Lady Victoria Grayson has always considered herself a keen observer of human behavior. After battling a chronic childhood illness that kept her homebound for years, she journeys to London determined to have the adventure of a lifetime.
Jaded by his wartime profession as a spy, Lord Witt understands, more than most, that everyone is not always who they pretend to be. He meets Victoria after the regent requests an investigation into the activities of her physician brother, Lord Ravensmoore.
Witt and Victoria become increasingly entangled in a plot targeting the lords of Parliament. Victoria is forced to question how well she knows those close to her while challenging Witt’s cynical nature and doubts about God. Together they must confront their pasts in order to solve a mystery that could devastate their future.

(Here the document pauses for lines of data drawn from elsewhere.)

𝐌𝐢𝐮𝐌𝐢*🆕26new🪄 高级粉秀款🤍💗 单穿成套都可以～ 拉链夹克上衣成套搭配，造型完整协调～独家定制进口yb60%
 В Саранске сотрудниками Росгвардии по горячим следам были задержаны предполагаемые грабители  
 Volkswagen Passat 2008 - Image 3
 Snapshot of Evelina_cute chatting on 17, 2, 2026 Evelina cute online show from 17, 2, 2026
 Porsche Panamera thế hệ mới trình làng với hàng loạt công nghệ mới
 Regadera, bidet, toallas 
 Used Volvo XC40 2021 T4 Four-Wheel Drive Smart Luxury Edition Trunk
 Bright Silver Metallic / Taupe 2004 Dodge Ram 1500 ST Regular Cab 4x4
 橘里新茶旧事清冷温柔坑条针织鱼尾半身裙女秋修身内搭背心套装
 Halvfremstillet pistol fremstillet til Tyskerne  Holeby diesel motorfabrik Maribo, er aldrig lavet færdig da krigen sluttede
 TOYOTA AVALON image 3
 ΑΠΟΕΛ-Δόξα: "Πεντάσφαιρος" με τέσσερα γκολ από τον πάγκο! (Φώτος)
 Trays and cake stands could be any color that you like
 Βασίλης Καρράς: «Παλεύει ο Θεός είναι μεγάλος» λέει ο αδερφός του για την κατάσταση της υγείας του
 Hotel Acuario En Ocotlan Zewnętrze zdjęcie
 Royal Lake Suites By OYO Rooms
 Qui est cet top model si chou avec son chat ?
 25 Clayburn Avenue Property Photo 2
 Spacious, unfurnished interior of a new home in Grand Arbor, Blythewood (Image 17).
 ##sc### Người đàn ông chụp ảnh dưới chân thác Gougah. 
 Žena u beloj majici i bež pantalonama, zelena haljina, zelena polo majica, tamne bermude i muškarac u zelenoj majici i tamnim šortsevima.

The mystery takes center stage in this romantic suspense. Danger brings together a somewhat cynical hero, who would rather be raising his horses than spying on a fellow gentleman, and an adventure-seeking heroine, the sister of that gentleman. Together they seek to discover the person responsible for horrific attacks on the lords of Parliament—attacks instigated by a human, but not carried out by one.
Victoria is a fresh face. She’s spunky. Naive. A little spoiled. And irresistable to Lord Witt. Jonathon Denning, aka Lord Witt, finds himself in the prickly position of being smitten with Victoria while risking the ire of the Prince Regent if his infatuation interferes with his duty.
Jillian Kent’s Chameleon, the second book in The Ravensmoore Chronicles is not your run-of-the-mill Regency novel. Yes, it ‘s filled with lords and ladies. Yes, they attend a ball with other members of the ton. Yes, there’s a romance. There are even scenes with “Prinny.” But this book delves deeper into the less romantic side of early nineteenth-century London.
The reader is immediately drawn into the setting of a mist-shrouded London park and what is discovered there. From then on, the story rolls like the wheels of a speeding coach and four through the townhomes of the ton and behind the walls of Bedlam.
Though it’s not a heavy tale, Ms. Kent takes us into the world of the mentally ill, someplace we don’t usually go in a novel about Regency England. While the culprit was not a total surprise, she did get me with the twist. Good job!
Bottom line: If you enjoy regency romances or if your favorite genre is mystery/suspense, Chameleon is well worth the read.
What book has held the boldest “Wow! I wasn’t expecting that!” ending for you?
Disclosure of Material Connection: This book came to me free from Realms with the hope that I would mention it on this blog. There was no requirement for me to write a positive review and the opinions I have expressed above are my own. I am disclosing this in accordance with the Federal Trade Commission’s 16 CFR, Part 255.